* Work instruction
Every entry below should be returned exactly as it appears, with pictures left out.

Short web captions
....................

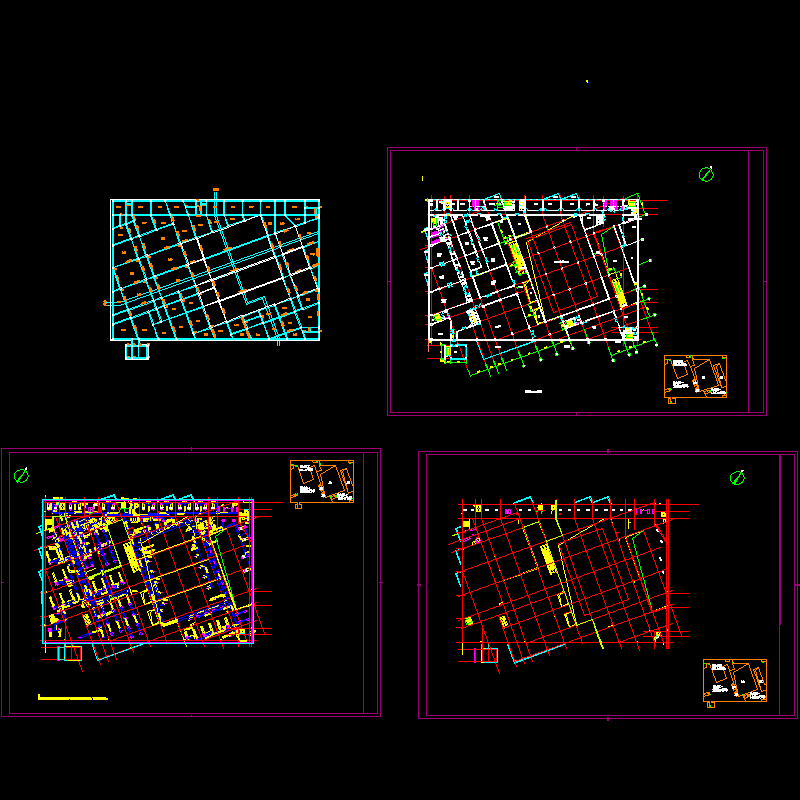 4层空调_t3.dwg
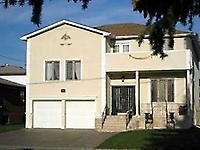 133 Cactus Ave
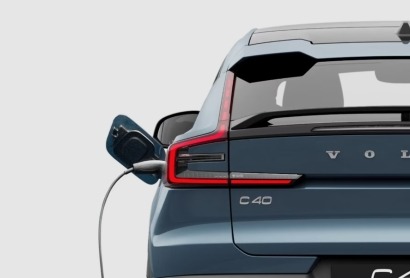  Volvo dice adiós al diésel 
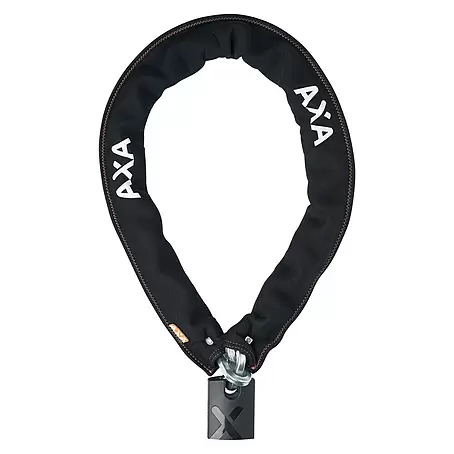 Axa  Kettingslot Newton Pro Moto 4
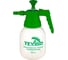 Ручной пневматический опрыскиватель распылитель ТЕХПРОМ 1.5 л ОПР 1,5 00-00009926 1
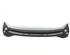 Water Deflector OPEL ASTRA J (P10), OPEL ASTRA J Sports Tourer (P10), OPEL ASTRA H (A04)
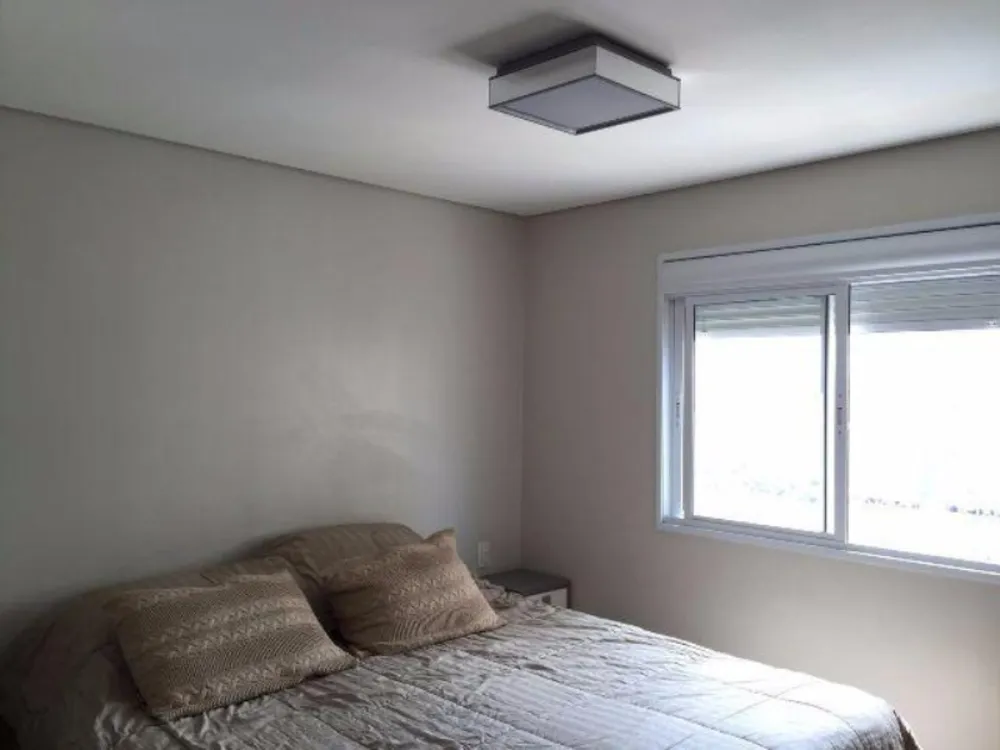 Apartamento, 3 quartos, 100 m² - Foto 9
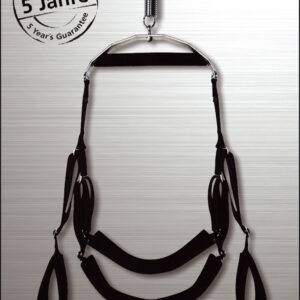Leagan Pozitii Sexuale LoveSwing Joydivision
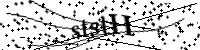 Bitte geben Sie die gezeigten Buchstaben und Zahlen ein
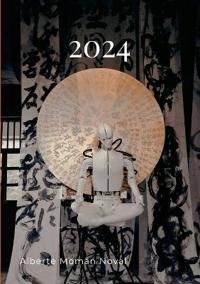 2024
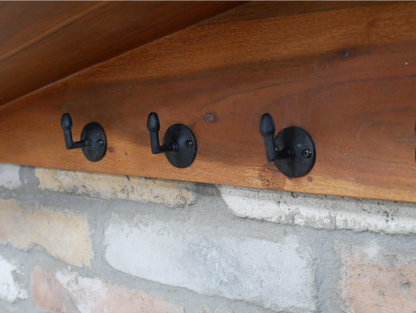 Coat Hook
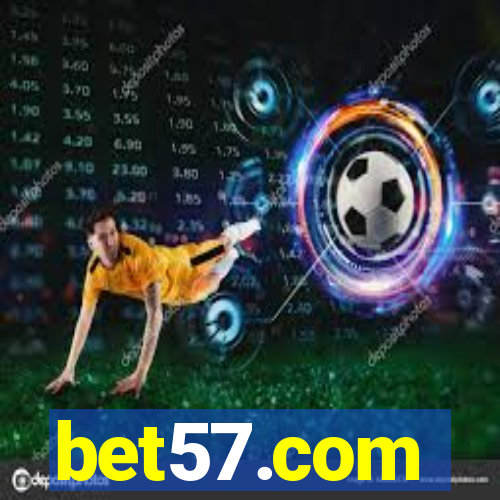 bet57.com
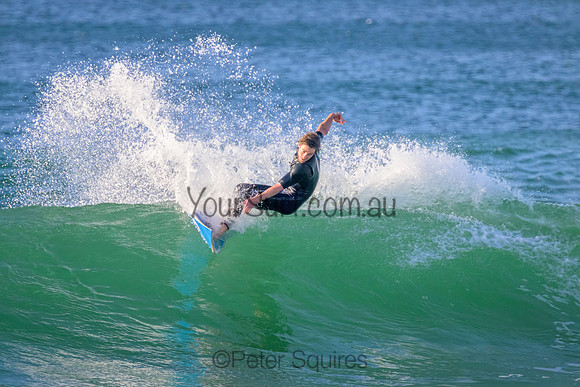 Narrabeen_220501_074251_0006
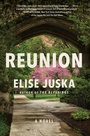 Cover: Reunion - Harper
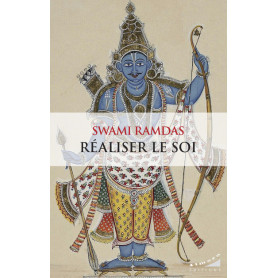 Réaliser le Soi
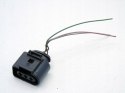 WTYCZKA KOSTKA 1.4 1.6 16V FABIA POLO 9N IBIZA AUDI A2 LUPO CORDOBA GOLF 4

....................

* Exercise solution
 4层空调_t3.dwg
 133 Cactus Ave
  Volvo dice adiós al diésel 
 Axa  Kettingslot Newton Pro Moto 4
 Ручной пневматический опрыскиватель распылитель ТЕХПРОМ 1.5 л ОПР 1,5 00-00009926 1
 Water Deflector OPEL ASTRA J (P10), OPEL ASTRA J Sports Tourer (P10), OPEL ASTRA H (A04)
 Apartamento, 3 quartos, 100 m² - Foto 9
Leagan Pozitii Sexuale LoveSwing Joydivision
 Bitte geben Sie die gezeigten Buchstaben und Zahlen ein
 2024
 Coat Hook
 bet57.com
 Narrabeen_220501_074251_0006
 Cover: Reunion - Harper
 Réaliser le Soi
 WTYCZKA KOSTKA 1.4 1.6 16V FABIA POLO 9N IBIZA AUDI A2 LUPO CORDOBA GOLF 4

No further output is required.